Child custody modifications are a way that the court can address the changing needs of children. These changes can include almost every aspect of life, so it is important for the child custody order to accurately address these changes.
Why would the order need to change as the child ages?
Parents who divorce when their children are young shouldn't expect that a custody agreement from infancy or toddlerhood will still be appropriate for a teen. Some parents are able to work through these age-based changes fairly easily, but this isn't the case for all parents.
If you and your ex find that a rigid custody schedule isn't working because of your child's extracurricular activities or other similar reasons, you might need to look into a child custody modification. You might also find that the schedule that was necessary when the child was younger isn't working any longer and that more flexibility is needed so that your child can thrive and learn to make choices.
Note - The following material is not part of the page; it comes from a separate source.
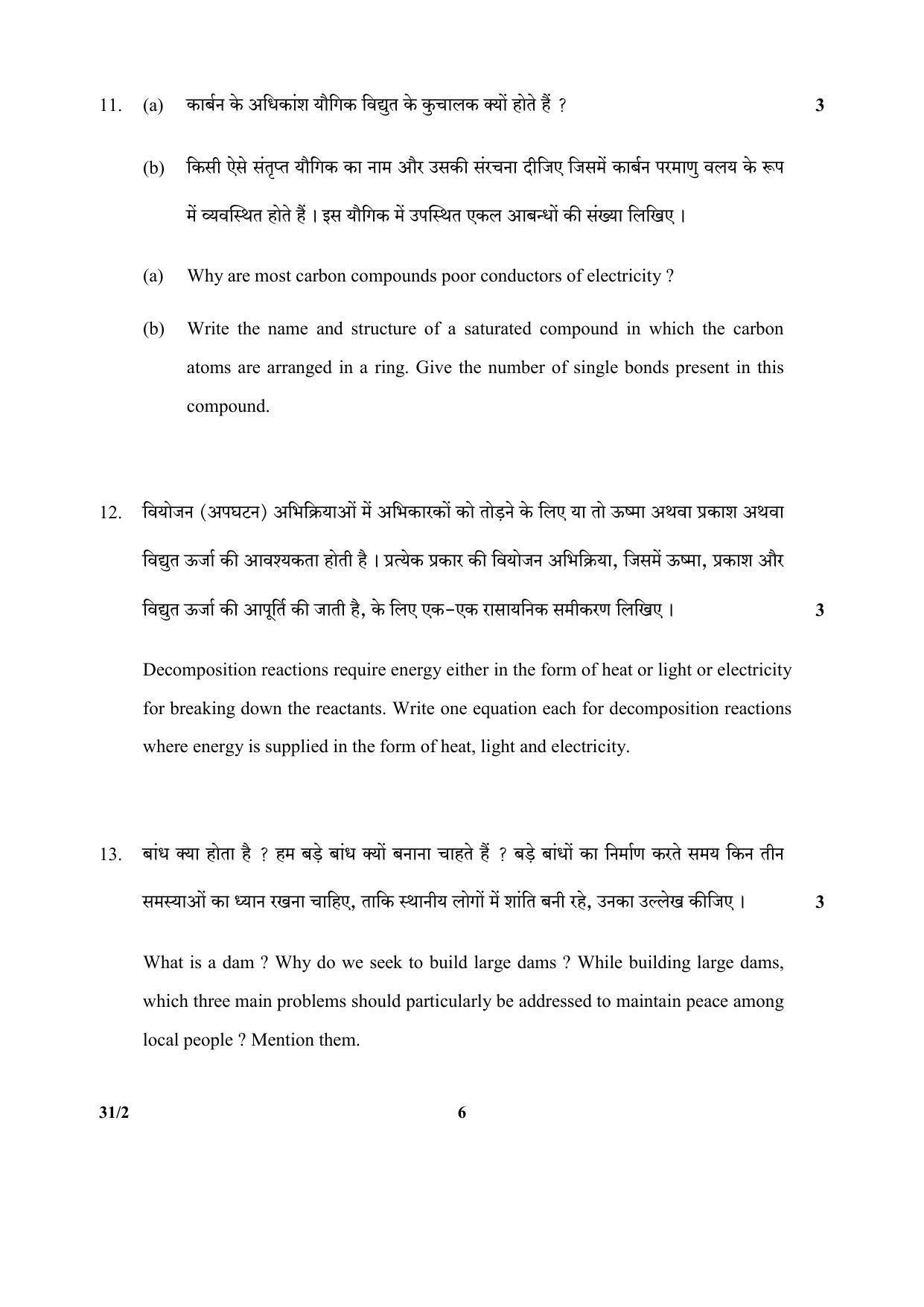 CBSE Class 10 31-2 (Science) SET-2 2018 Question Paper - Page 6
How can we obtain a child custody modification?
Many parents choose to work out an agreement together so that they don't have to go through a new trial. The process is much like what you went through initially.
The process for the modification is typically shorter when you and your ex can work out the terms. This means that you can start helping your child get accustomed to the new way of doing things much sooner, which might bring more stability to his or her life.
As is the case in all child custody cases, make sure that you keep matters between you and your ex. Don't try to use your child as a messenger to relay messages back and forth between parents.
Are child support modifications part of this process?
You can seek out a child support modification. The circumstances must meet certain criteria. For example, a child support modification is possible if there is a significant change in the paying parent's income or in the amount of time that the child spends with the paying parent. Remember, modifications go both ways so it is possible for the amount to go up or down depending on the circumstances.